Most years it is our custom at All Saints’ to begin the First Sunday of Lent with The Great Litany chanted in procession. It is not my favorite liturgical moment of the year, but it is the only time that we pray the Litany as a rule. There have been, and will be, other times of course. I will never forget the power of that prayer in the days after 9/11 or the time we said it together in a special service of Prayer for Peace at the height of the second war in Iraq. Some of that flavor came through for me in our 8 a.m. service at which the prayer was said rather than sung and I thought about Japan, those whose lives were devastated by tsunami and fear of nuclear meltdown, the people in Libya being shot at by their own government, people in Bahrain being shot at by Saudi troops and on and on and on.

When I was first ordained it was still the practice in some parishes in which Morning Prayer was the principal Sunday service, to offer ‘The Great Litany and Sermon’ on the fifth Sunday of those months which had such. I confess that I don’t miss that practice.

Diarmaid MacCulloch in his magisterial biography of Thomas Cranmer (Yale, 1996) wrote about the Litany “The occasion may not strike modern worshippers as especially edifying: it was designed to encourage the people of England to maximize their effort of prayer for the threatening international situation, and by implication to enlist God’s aid for Henry’s massive summer relaunch of his war with France.” (p.328)

Approved for use in 1544, the Litany was a somewhat liberalizing and evangelical move away from triumphalist processional rites and a traditional association of such litanies with prayer for the saints.
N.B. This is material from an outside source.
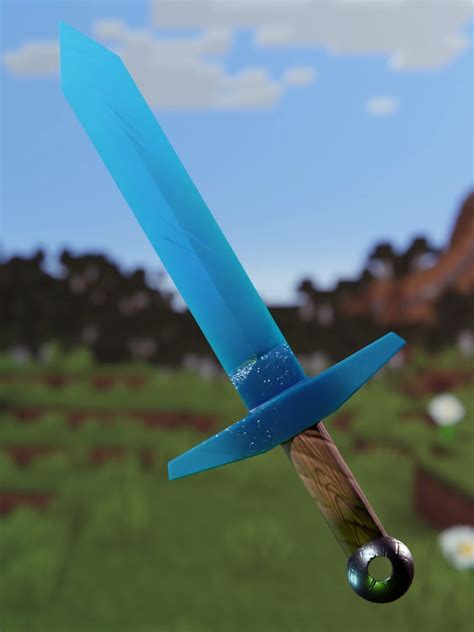 I Have Modeled A Realistic Diamond Sword D Rminecraft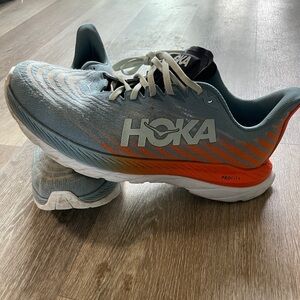 GUC Mens size 12 Hoka Mach 5. Lots of tread and life left, only worn in the yard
If sung, it was to be sung in plainsong and the 1549 Book of Common Prayer made abundantly clear that ‘Romish practices’ were off limits with such petitions as:

“From all sedicion and privye conspiracie, from the tyrannye of the bishop of Rome and all his detestable enormities, from al false doctrine and herisy, from hardnes of heart, and contempte of thy word and commaundemente:

Good lorde deliver us.”


This inflammatory petition was removed in the first Elizabethan Prayer Book of 1559, a gracious act of statesmanship on someone’s part.

The association of Litany with procession makes it more than a lengthy responsive prayer and turns it into something else. Any procession in worship can be the symbolic gathering of the people for Divine Service. It can also be a kind of enactment of pilgrimage, an icon of our procession through life, winding here and there, ever dependent on God for life. At its best, the prayer in this sung form becomes almost a mantra-like means to meditation for me almost irrespective of the words themselves. So I find the Litany to be most effective prayer in a threatening international situation when it is said, and most effective as a meditation on our dependence on divine grace throughout life when it is sung in procession.